Al tavolo, l’azienda si è impegnata a sospendere fino a settembre, nelle more dello sblocco dei fondi, la procedura di licenziamento di undici lavoratori annunciata a maggio, e a riprendere la contrattazione di secondo livello, sospesa unilateralmente a gennaio, non appena saranno erogati i finanziamenti previsti. Il Comune dal canto suo ha assicurato che l’interlocuzione con la Regione Lazio è in atto e che l’iter per l’erogazione dei fondi sta andando avanti secondo i tempi previsti.
“Abbiamo sensibilizzato i lavoratori alla ripresa del servizio”, ha dichiarato al termine del confronto Giuliano Errico di Ugl Autoferro – confidiamo che domani (mercoledì 5 agosto) le corse possano riprendere regolarmente”. Preoccupano, nel frattempo, le tensioni accumulate tra lavoratori e utenza, quest’ultima messa a dura prova da corse saltate e ritardi, con il caldo torrido di questi giorni. Il rischio è che si possano verificare aggressioni ai danni del personale del trasporto pubblico.

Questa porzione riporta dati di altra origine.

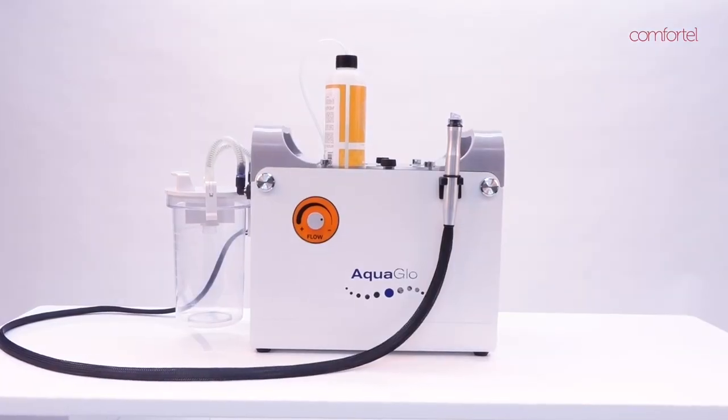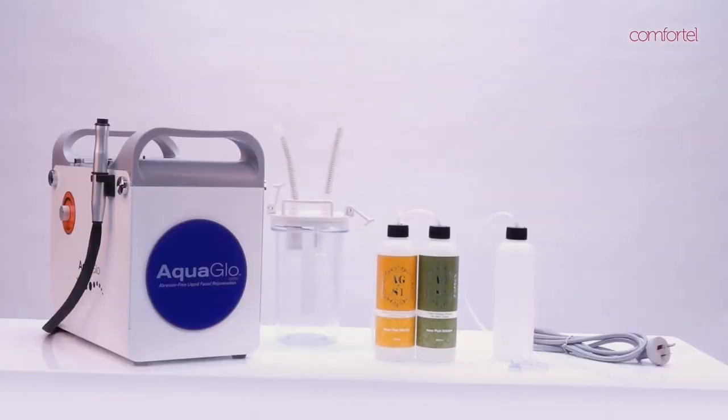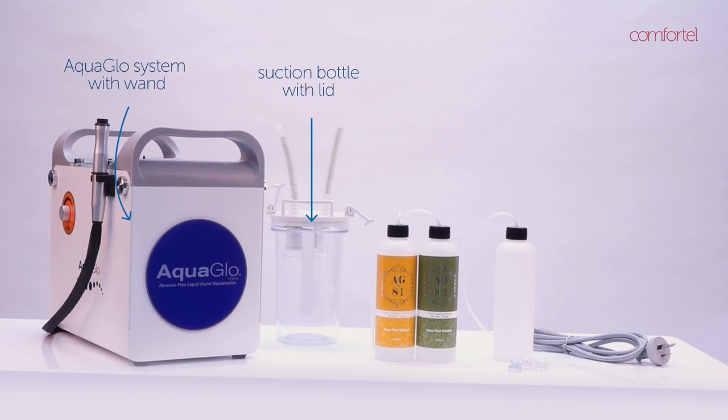This video will demonstrate how to set up your Comfortel AquaGlow system. When you open the box you will find one AquaGlow system with wand and one suction bottle with lid.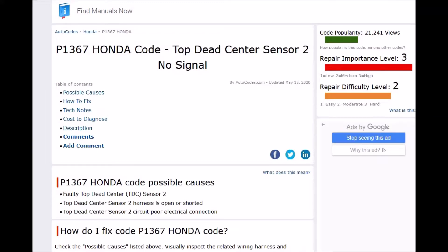Today I'm talking about a Honda with the P1367 code, what it is, and how you can go about fixing it. So what is a Honda P1367? It's a top dead center sensor 2, no signal.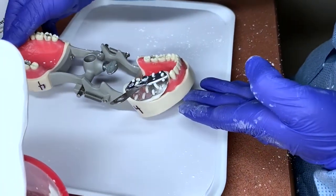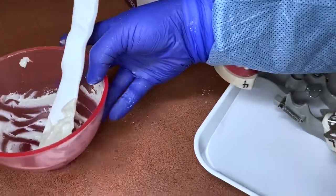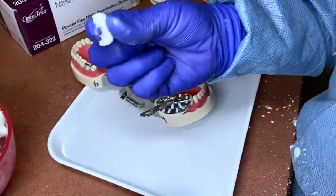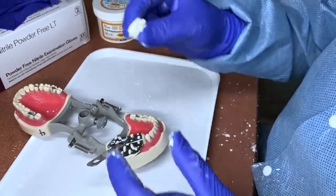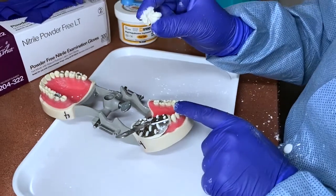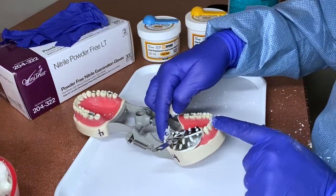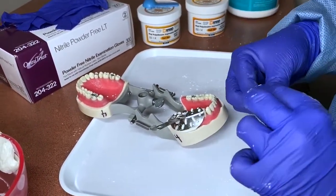Wait for the alginate to set up. There's usually some excess alginate left in the bowl — you can hold it in your fingers to monitor when it sets, so you know when to take the tray out. Keep in mind we're using a typodont, but in a patient's mouth the heat and saliva cause it to set more quickly. Each alginate also has different setting times — fast set or regular set — so read the manufacturer's directions for working time.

L’opposizione attacca: “Il problema non nasce ieri, ma da anni di annunci e proclami sulla presunta forza della filiera istituzionale. Nel frattempo però – sottolineano i consiglieri di Lbc, PD, M5S e Per Latina 2032 – i contributi aggiuntivi che la Regione aveva stanziato per il Comune di Latina sono rimasti impantanati senza mai tradursi in atti concreti. È evidente – continuano i consiglieri – che esistono difficoltà burocratiche nel trasferimento delle risorse regionali, come sostiene anche l’azienda che gestisce il servizio. Ma la politica non può continuare a nascondersi dietro la burocrazia. Se quei fondi sono stati annunciati e inseriti nei documenti di bilancio, spettava anche al Comune e ai rappresentanti istituzionali del territorio seguirne l’iter fino all’effettiva erogazione. Invece abbiamo assistito soltanto a una lunga passerella di annunci. Oggi il conto lo pagano cittadini e lavoratori». Di qui la richiesta di dimissioni dell’assessore ai trasporti e Mobilità, Gianluca Di Cocco.
La situazione del Tpl approderà in aula consiliare giovedì 6 agosto, nel corso del question time, con la discussione dell’interrogazione a risposta immediata presentata dai consiglieri del Partito Democratico Valeria Campagna e Leonardo Majocchi.